This panel aims to explore the complex interrelations of technology, ethics, politics, conflict, uncertainty, unintended consequences and visions of the future.

Long Abstract

The future cannot be predicted in detail and is radically uncertain. Consequently visions of the future represent ontologically based understandings of what it could be, ought to be and ought not to be. Technology is often important in imagining these futures and can be framed as empowering, alienating, transformative or destructive. Persuasive technological visions of the future draw upon 'underlying' moralities and ethics which express conflicting social and political 'realities'. Visions of the future proposed by one group can appear unwanted, or destructive, to another. Technologies and other future-making projects can also have unintended consequences which compound moral and visionary complexities.
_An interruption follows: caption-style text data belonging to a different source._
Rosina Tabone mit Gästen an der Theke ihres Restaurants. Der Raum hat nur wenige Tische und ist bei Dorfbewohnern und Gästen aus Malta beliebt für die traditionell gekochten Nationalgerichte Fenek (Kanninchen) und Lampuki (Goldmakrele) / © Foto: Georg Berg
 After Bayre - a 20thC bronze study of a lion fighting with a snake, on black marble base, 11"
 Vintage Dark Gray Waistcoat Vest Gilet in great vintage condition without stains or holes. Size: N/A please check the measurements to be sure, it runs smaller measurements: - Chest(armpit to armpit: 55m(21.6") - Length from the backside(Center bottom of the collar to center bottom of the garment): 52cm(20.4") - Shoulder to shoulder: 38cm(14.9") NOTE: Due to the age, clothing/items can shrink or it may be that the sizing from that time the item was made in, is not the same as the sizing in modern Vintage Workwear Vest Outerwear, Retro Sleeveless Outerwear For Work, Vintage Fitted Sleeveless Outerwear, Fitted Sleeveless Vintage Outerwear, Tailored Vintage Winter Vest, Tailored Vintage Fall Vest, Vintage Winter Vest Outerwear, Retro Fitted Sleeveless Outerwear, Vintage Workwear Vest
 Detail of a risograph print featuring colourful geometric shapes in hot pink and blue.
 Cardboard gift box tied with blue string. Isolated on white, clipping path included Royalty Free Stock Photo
We aim to explore contrasting views of technology, its ontologies and moralities, by understanding morality as fundamentally driven by disagreement, uncertainty and difference. We are interested in how moralities are strategically employed to reinforce particular technologically-driven visions of the future. Relevant questions include: a) How does technological intervention in the name of higher moral goals such as 'saving the planet' from the ecological crisis, or enhancing equality for those suffering discrimination or disempowerment, actually function in its political complexity and deal with unintended consequences? b) How does technologically mediated communication affect moral and political discourse, activism and our ability to handle futures? c) Does technology, or technological research implicitly carry a gendered ethics? d) What kind of ontologies and ethics are implied by, or implemented by, particular technologies?

The panel welcomes multidisciplinary, as well as anthropological, studies.